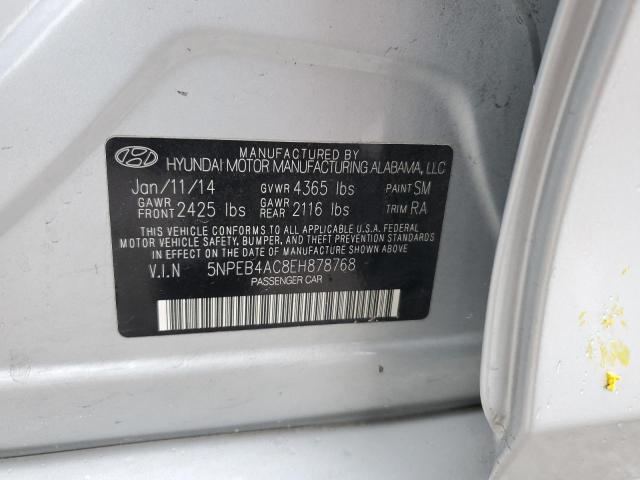 Photo 11 VIN: 5NPEB4AC8EH878768 - HYUNDAI SONATA GLS 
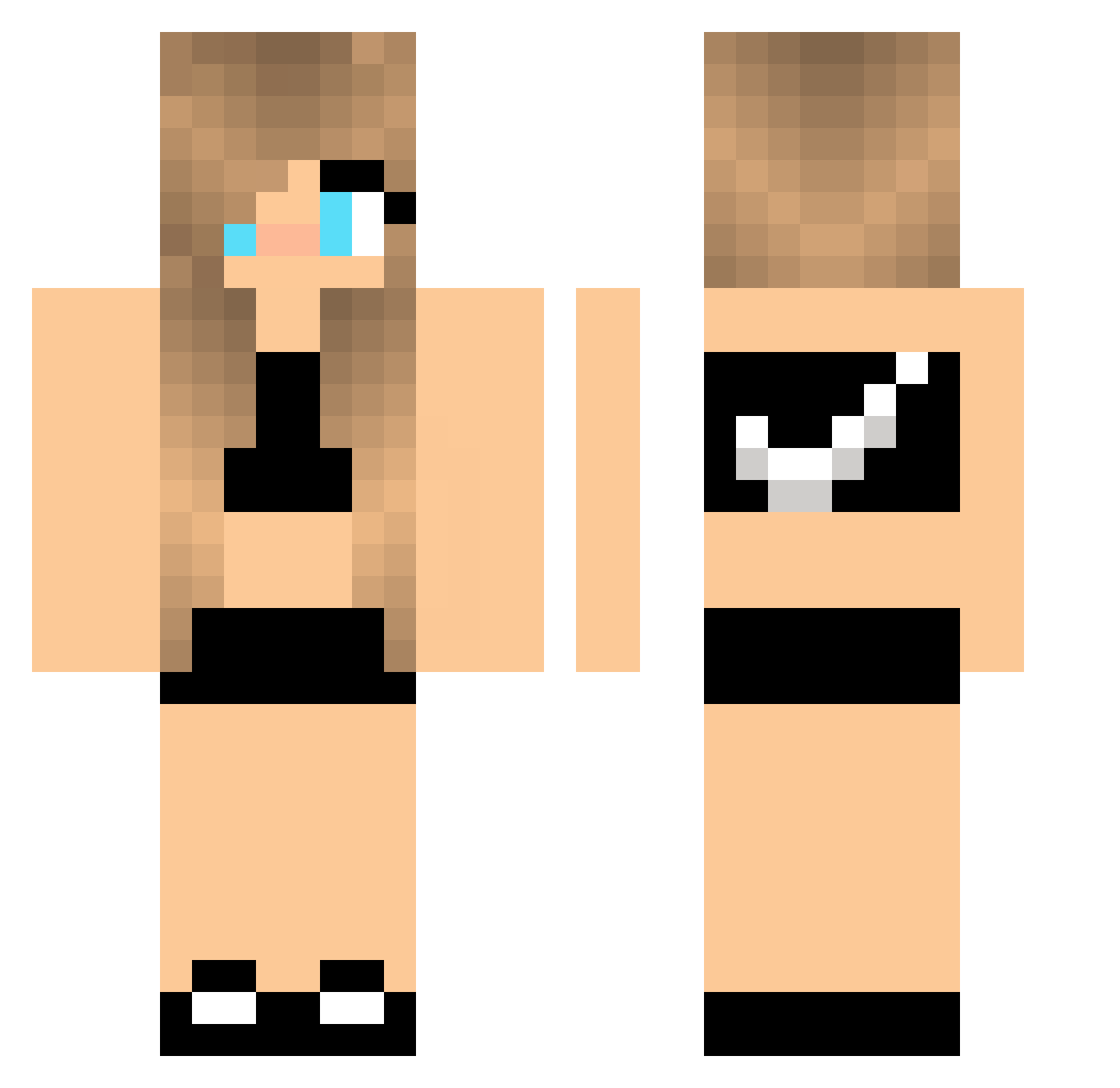 Dylanxx Minecraft skin, front and back view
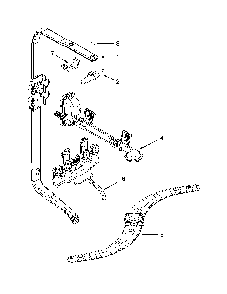 Upper Wash And Rinse Parts Diagram and Parts List for 66514749N510  Kenmore Dishwasher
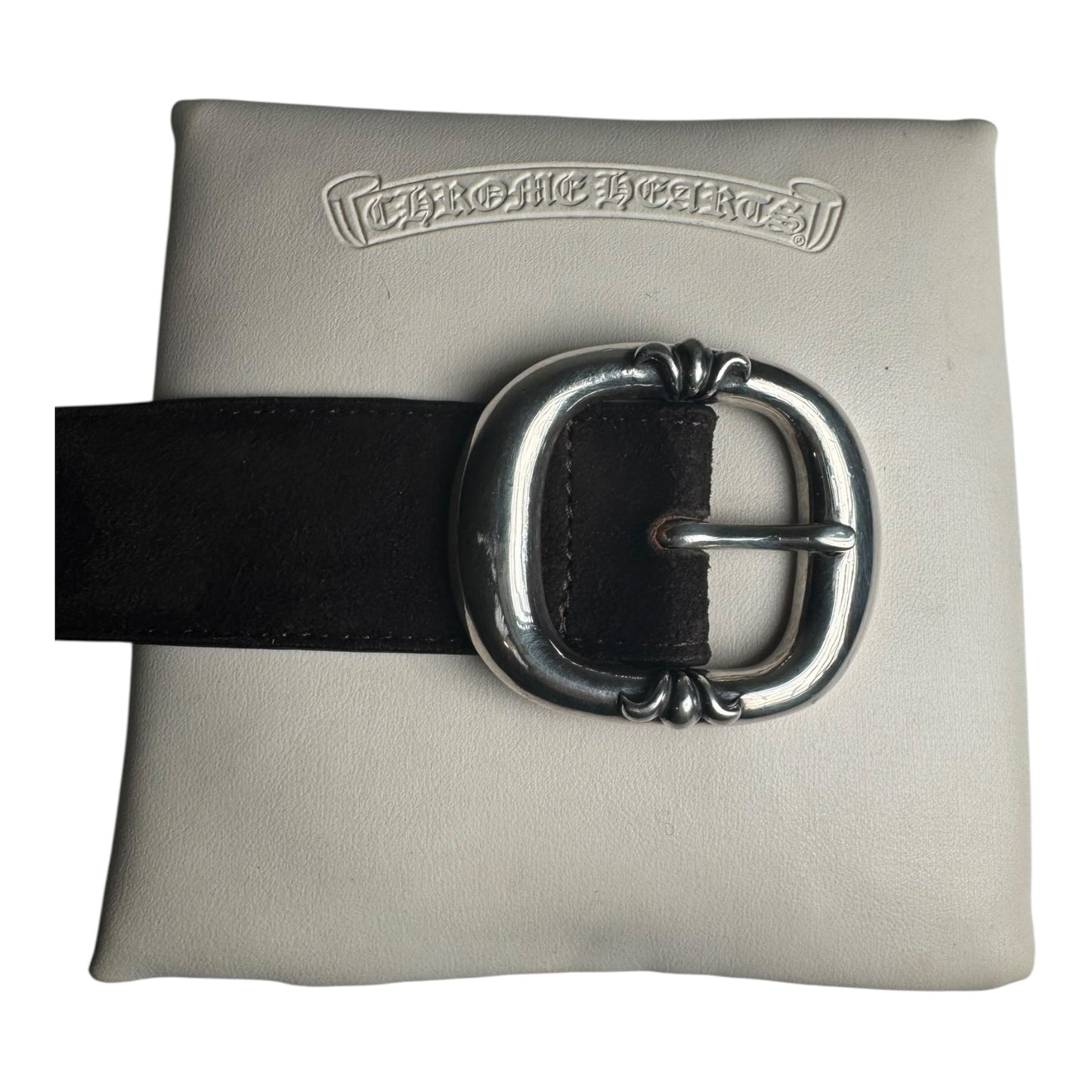 Chrome Hearts Velvet Studded Gunslinger Belt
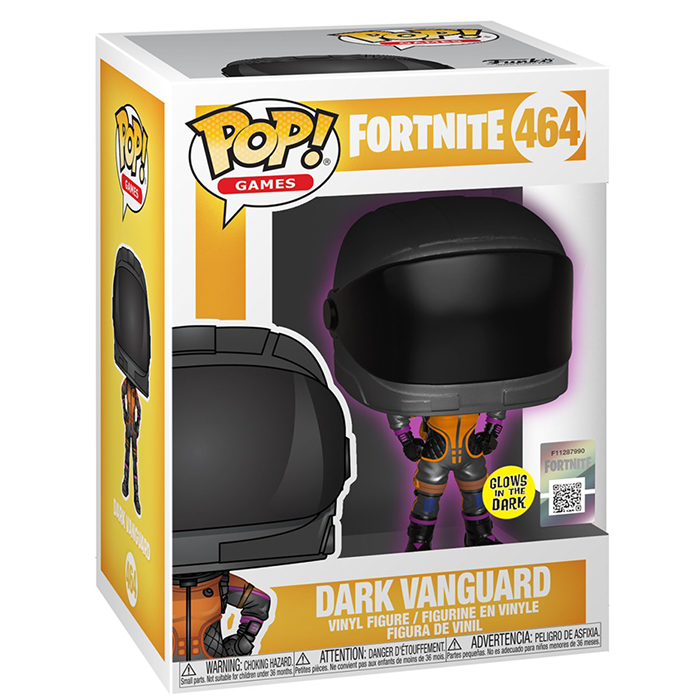 Figurine Funko Pop Dark Vanguard (Fortnite) dans sa boîte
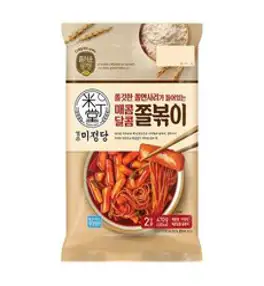 [엄마맛집]즐거운동행 미정당 쫄볶이 CJ 가을식재료 간편식 캠핑 자취생 간단식사 맛있는한끼 야식 간단요리 맛있는간식 470g 1세트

Task statement -
Please return the records above exactly as written, dropping every picture.

Result for this exercise -
 Photo 11 VIN: 5NPEB4AC8EH878768 - HYUNDAI SONATA GLS 
 Dylanxx Minecraft skin, front and back view
 Upper Wash And Rinse Parts Diagram and Parts List for 66514749N510  Kenmore Dishwasher
 Chrome Hearts Velvet Studded Gunslinger Belt
 Figurine Funko Pop Dark Vanguard (Fortnite) dans sa boîte
 [엄마맛집]즐거운동행 미정당 쫄볶이 CJ 가을식재료 간편식 캠핑 자취생 간단식사 맛있는한끼 야식 간단요리 맛있는간식 470g 1세트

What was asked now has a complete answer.